# Yiannaki's Tastebox Adventures



## Yiannaki (10/8/14)

Soooooo....

The Tastebox has arrived 

I feel like I have a little piece of SA vaping culture with me. I love how this box symbolises our shared passion for vaping and I'm glad to be a part of it 

Here is the box in the flesh, alongside Eva (my LP Reo grand) who will be the judge on the liquids 







Now where do I start?

Reactions: Like 12 | Winner 2


----------



## Yiannaki (10/8/14)

First up on the chopping block! 


Company: Witchers Brew
Product Name: Devil's Cut





Mod: Reo Grand
Atomiser: RM2
Coil Resistance: 0.67
Wicking Material: Rayon
Strength: 18mg

Reviewer Notes: 
Let me start off by saying, I'm not usually a tobacco kind of guy. I stick to my desert vapes and fruity vapes.

The first thing that hits you with this juice is a unmistakeable, distinct and complex tobacco flavour.

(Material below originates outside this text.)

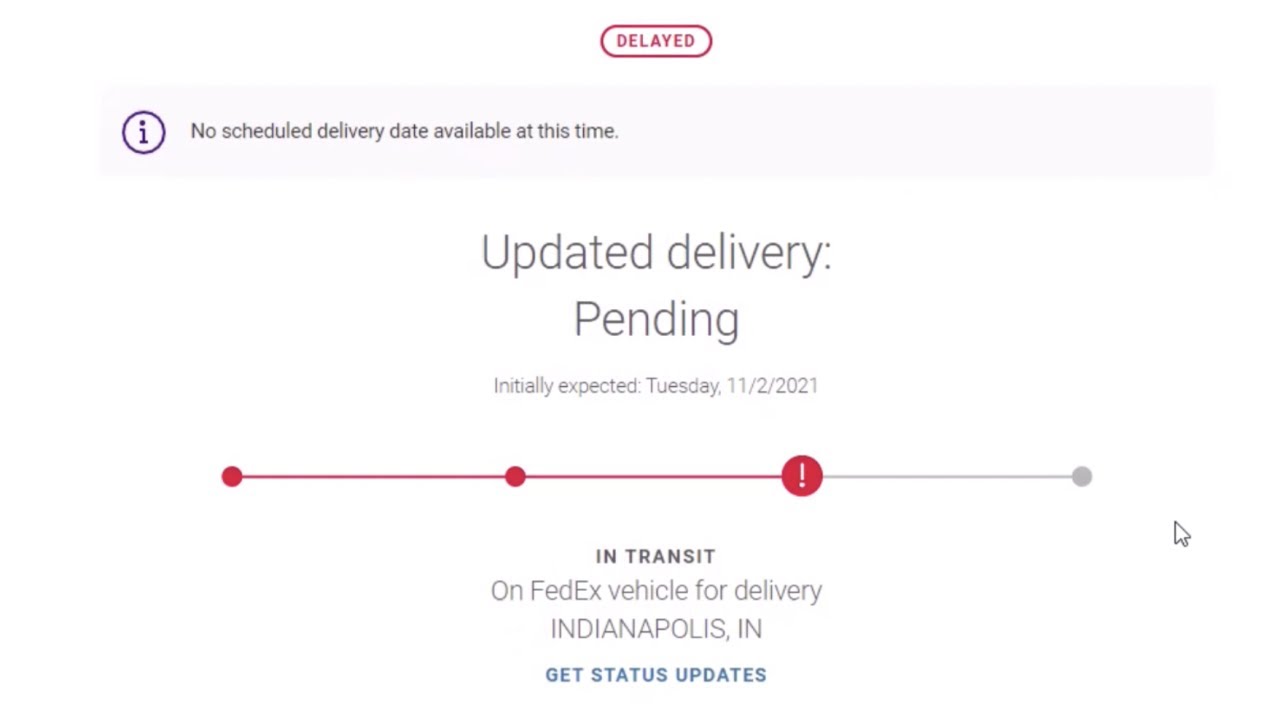 FedEx customers complain of delivery delays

At first I was convinced this wasn't for me, but I pressed on.

Once my palette had adjusted I started to pick up a hints of a banana, maple taste with a slight sweetness on exhale.

The tobacco I was tasting previously also had a toasted-ness about it, which lingered in the aftertaste. 

For those seeking some throat hit, I would say that this juice has a medium throat it. You definitely feel it but it doesn't bash your throat.

Overall I would say this is a good juice for those who aren't even inclined toward tobacco style vapes and I'm sure those who love their tobaccos would go wild for this. If you're in the market for a complex, toasted tobacco style vape, give this a try.

Overall rating: Nom!


Similar to: Nothing I've tasted before

Avoid if: Don't avoid it, definitely give it a try.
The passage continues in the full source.